As you may already know, we have been dumping tons of money into research and development

well i guess thats the reason for the price then.. lol


----------



## Buddreams (Dec 30, 2009)

I might can make an update later today, they are about 3ish weeks into flowering.


----------



## g13skunk (Dec 30, 2009)

wat the hell is bcseeds its only bcbuddepot thats the truth the rest just poof mannn stop bullshytiing and put up only pics of ur grow thats why igo to potpimp.com people on here be talkin bout bullshyt


----------



## CaNNaBiZ CaNucK (Dec 30, 2009)

trapper said:


> BCSEEDS are a bunch of gutless scammers who prey on people that have difficulties understanding reality.these clowns know those people exist,so they ripoff the defenseless.But this happens when you can make claims behind a computer,which you dont have to back up in some alley.So stay away from that den of thieves,they have no moral compas,they are greasy,dirty low down money grubbin pigs.


What did they do to you Trapper?

Has anyone else here had a negative experience with BCSeeds? All this hype has gotten me intrigued. 

Or should I not believe the hype?


----------



## dirtnap411 (Dec 30, 2009)

$100 a bean is way to much for something that's not even guaranteed to germ, and then has a chance of being male on top of that. Even their claims on the reasonably priced gear are overinflated.


----------



## mossad420 (Dec 30, 2009)

CaNNaBiZ CaNucK said:


> What did they do to you Trapper?
> 
> Has anyone else here had a negative experience with BCSeeds? All this hype has gotten me intrigued.
> 
> Or should I not believe the hype?


You don't have to grow their shit out to know that they are not selling you the genetics you think you are buying. I dont doubt that they will send you seeds, but they will turn out to be equal or worse than any other genetics available, so when you factor in the BCSEEDS price...

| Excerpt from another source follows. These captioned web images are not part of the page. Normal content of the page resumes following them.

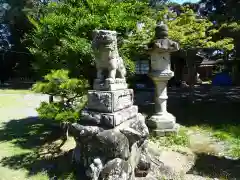 賀久留神社の狛犬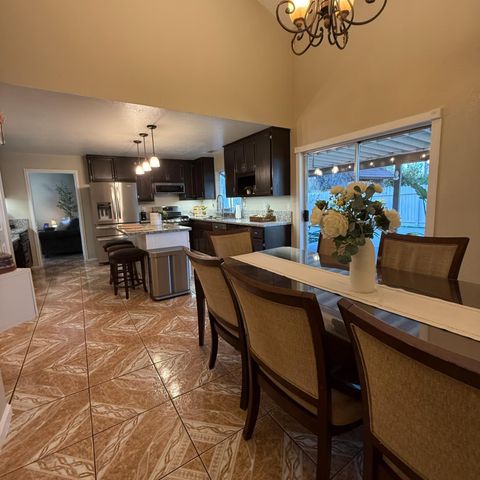 3009 Glen Grove Ct, Ceres, CA 95307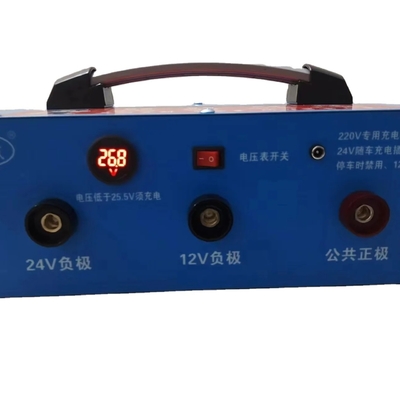 Μεγάλης χωρητικότητας 24V φορτηγό Jump Starter με έξοδο φόρτισης USB-C και 2000A κορυφαίο ρεύμα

Their claims of flowering times and thc levels havent been acheived by anyone yet. They claim to have the best in the world yet you dont hear about them from reputable growers nor see them in cups, magazines, grow journals etc.

They require you send them cash which means there is no way for you to get a refund or even their real contact info. I personally would never purchase anything online unless it is via Credit Card. This gives me a papertrail and if I get ripped off, Mastercard will simply cancel the payment to BCSEEDS or whoever it happens to be, and refund me on my next statement. 

The only legit arguement that Ive ever witnessed is a few pics of some good looking plants that someone claims are BC Seeds gear. Then again ive seen people posting nearly finished plants claiming it is BCSEEDS at day 22 of flower (including the 2 week period at beginning that some people dont count as flowering) Those pics are somewhere on these forums if you have the time do a search. I have also seen some very shitty looking grows that claim to be BC Seeds gear. I mean just look at their pictures compared to other breeders, does that really look like its worth $1,000?. I'm not going to waste any more of my time trying to help people see how/why they are a complete scam. Compare them to the other breeders and it should be quite obvious that the breeders with the top rep charge like $100-150CDN max. 

Bottom line if BCSEEDS had the bomb shit they claim to have it would be all over the net, everyone would know. You wouldn;t struggle to find a single legit journal of one of their expensive "best in world" strains.


----------



## CaNNaBiZ CaNucK (Dec 30, 2009)

mossad420 said:


> Bottom line if BCSEEDS had the bomb shit they claim to have it would be all over the net, everyone would know. You wouldn;t struggle to find a single legit journal of one of their expensive "best in world" strains.


True, true.

Thanks for your insight


----------



## Buddreams (Dec 30, 2009)

lol, haters. 


If my bud turn's out to be decent i could see catching one of there sells and ordering one of the more expensive strains. In the mean time, i'll grow some Kali mist, White russian, and Jack Herrer to compare it too.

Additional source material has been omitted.